== PROMPT ==
Copy the data. Keep every character as given.

== COLLECTED MATERIAL ==
=== Begin Enclosure ===
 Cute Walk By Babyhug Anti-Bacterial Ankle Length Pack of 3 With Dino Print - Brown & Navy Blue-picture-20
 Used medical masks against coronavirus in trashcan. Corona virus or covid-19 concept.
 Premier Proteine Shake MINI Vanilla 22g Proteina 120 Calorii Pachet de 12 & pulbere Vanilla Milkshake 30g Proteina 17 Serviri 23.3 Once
=== End Enclosure ===
== EXERCISE RESULT ==
 Cute Walk By Babyhug Anti-Bacterial Ankle Length Pack of 3 With Dino Print - Brown & Navy Blue-picture-20
 Used medical masks against coronavirus in trashcan. Corona virus or covid-19 concept.
 Premier Proteine Shake MINI Vanilla 22g Proteina 120 Calorii Pachet de 12 & pulbere Vanilla Milkshake 30g Proteina 17 Serviri 23.3 Once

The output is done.